● Problem statement: Because only the text is wanted, repeat the records below exactly and omit the pictures.

-- Material for this task follows --

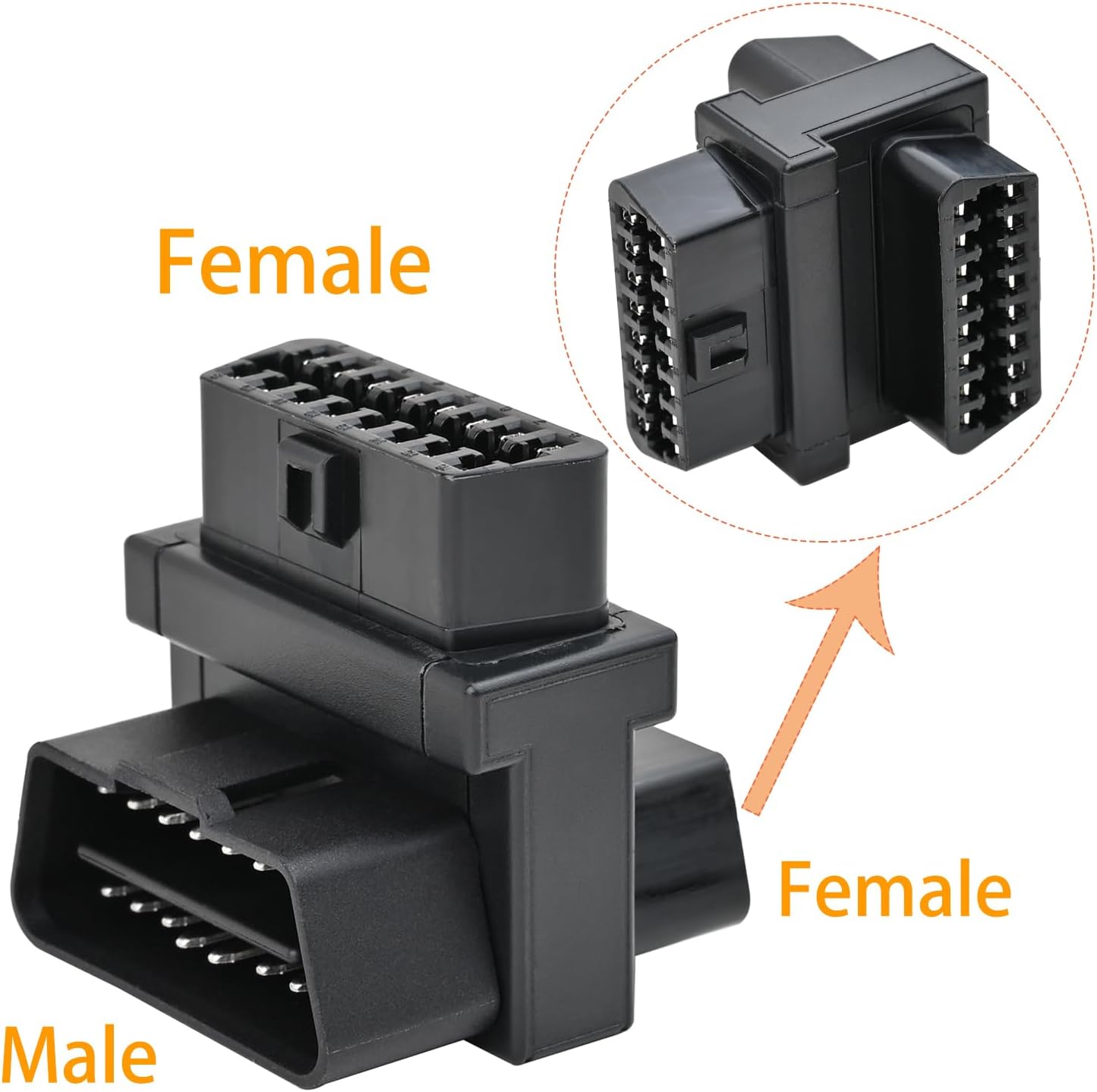 iKKEGOL Pocket OBD2 Splitter Cable, OBD II Full 16 Pin 1 Male to Dual Female 1 to 2 T Split 2 Way Extension Converter Adapter for Diagnostic Extender (Top Widest)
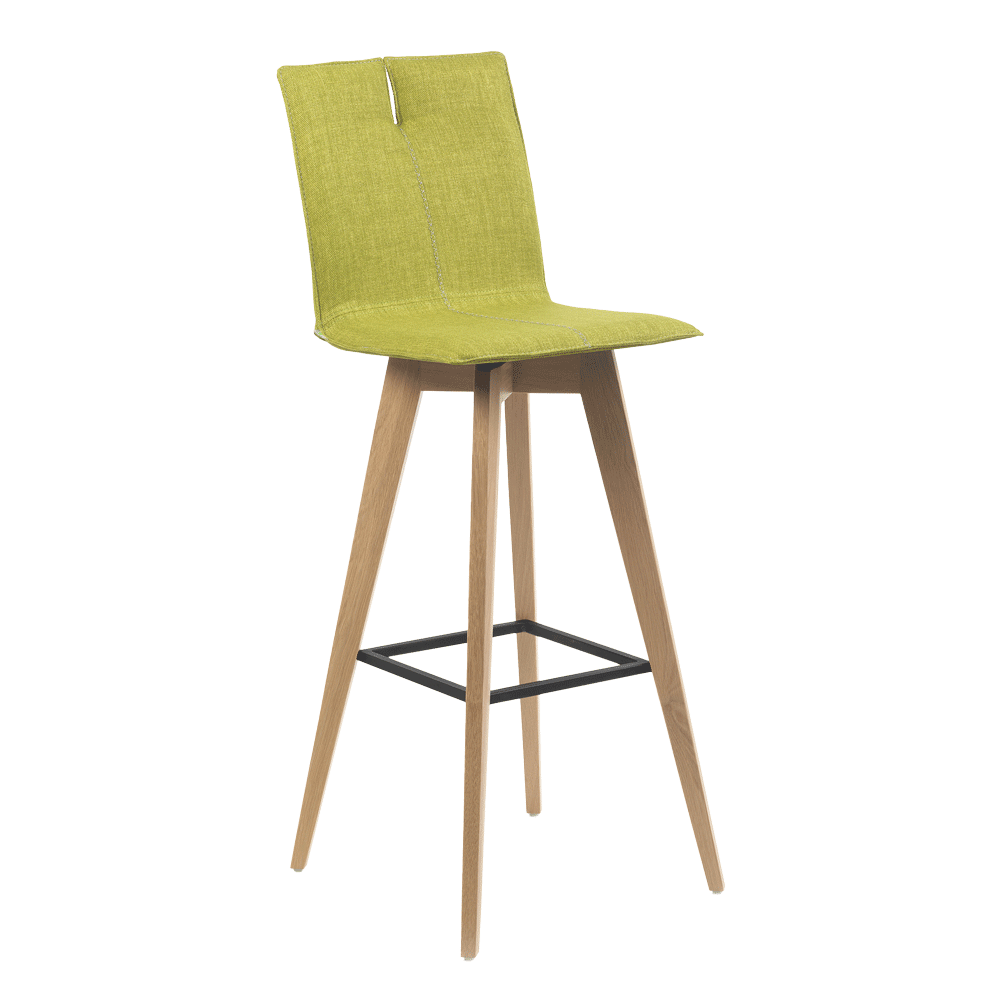 Mobitec :: Krzesło barowe / hoker tapicerowany Mood 31 wys. 117 cm zielony nogi drewniane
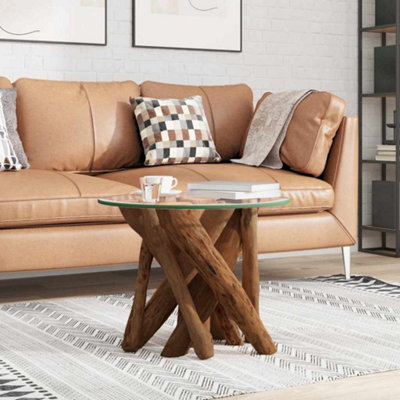 Vidaxl Coffee Table Solid Teak Driftwood 60 Cm from B&Q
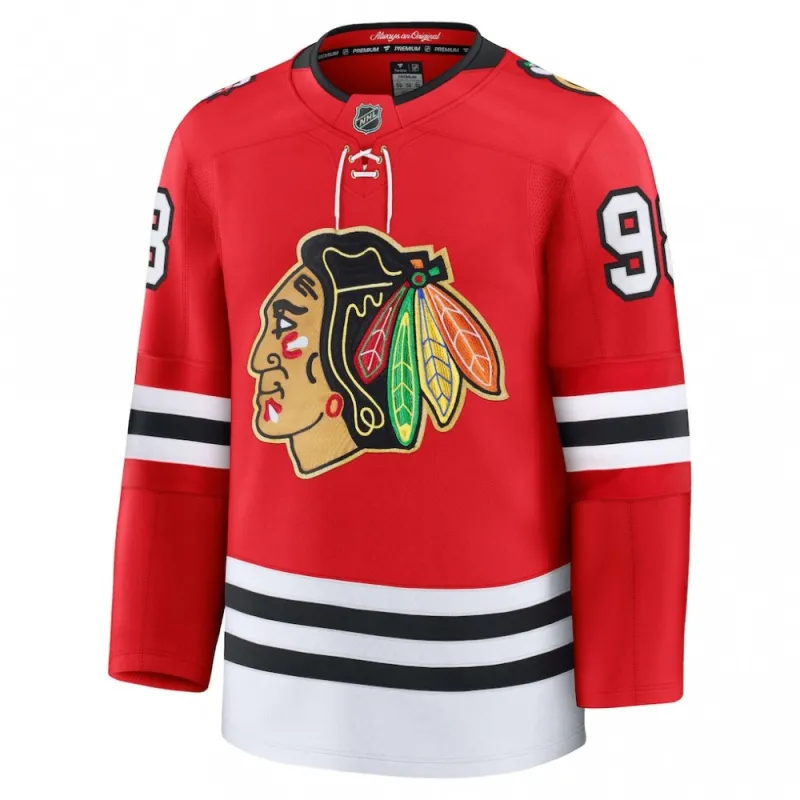 Connor Bedard Chicago Blackhawks Centennial Premium Player Jersey – Red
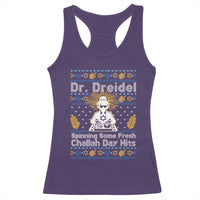 Funny Ugly Hanukkah Racerback Tank Top Mr Dreidel Dj Chanukkah Jewish - Wonder Print Shop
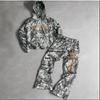 American high street jungle camouflage hooded sweater with straight pants, retro loose casual two-piece set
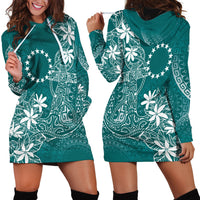Teal Kuki Airani Tapakau Hoodie Dress Tribal Anchor Mix Tiare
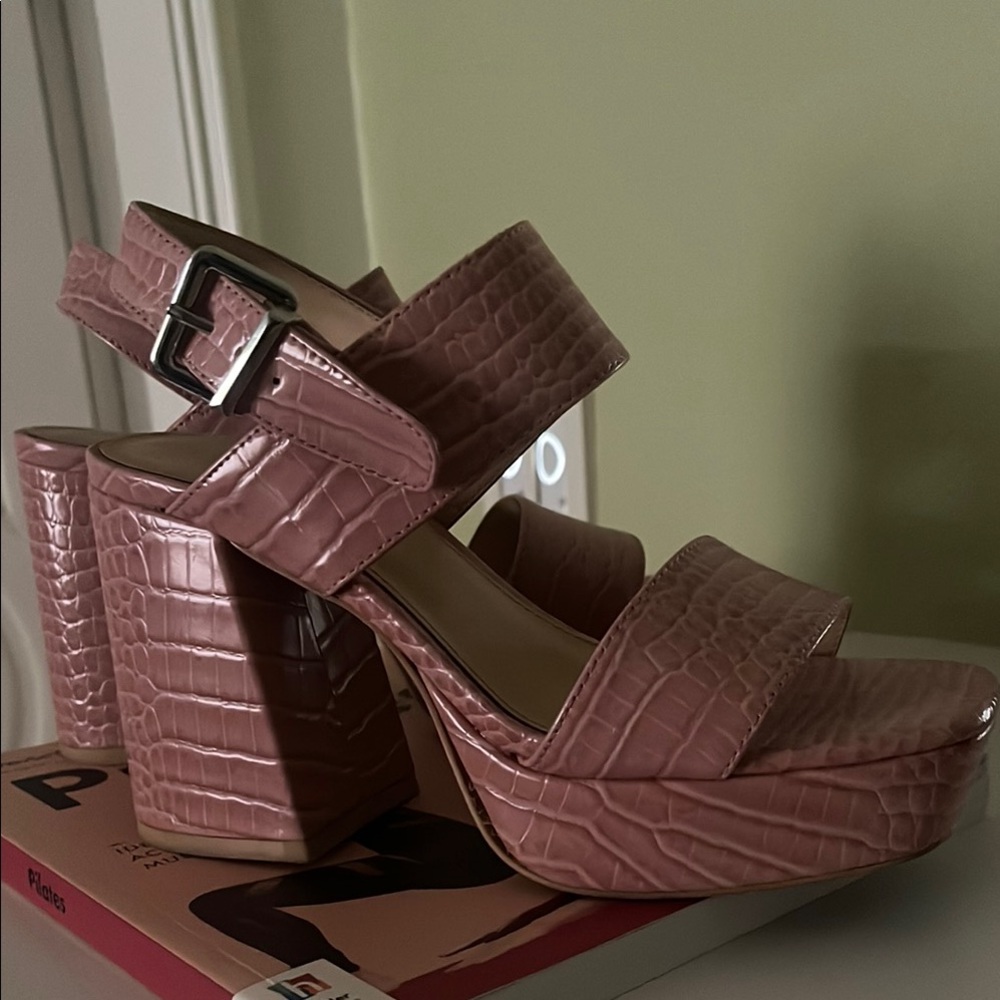 Urban Outfitters Pink Platform Sandals with Textured Straps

-- Material for this task concluded --

● Solution:
 iKKEGOL Pocket OBD2 Splitter Cable, OBD II Full 16 Pin 1 Male to Dual Female 1 to 2 T Split 2 Way Extension Converter Adapter for Diagnostic Extender (Top Widest)
 Mobitec :: Krzesło barowe / hoker tapicerowany Mood 31 wys. 117 cm zielony nogi drewniane
 Vidaxl Coffee Table Solid Teak Driftwood 60 Cm from B&Q
 Connor Bedard Chicago Blackhawks Centennial Premium Player Jersey – Red
 Funny Ugly Hanukkah Racerback Tank Top Mr Dreidel Dj Chanukkah Jewish - Wonder Print Shop
 American high street jungle camouflage hooded sweater with straight pants, retro loose casual two-piece set
Teal Kuki Airani Tapakau Hoodie Dress Tribal Anchor Mix Tiare
 Urban Outfitters Pink Platform Sandals with Textured Straps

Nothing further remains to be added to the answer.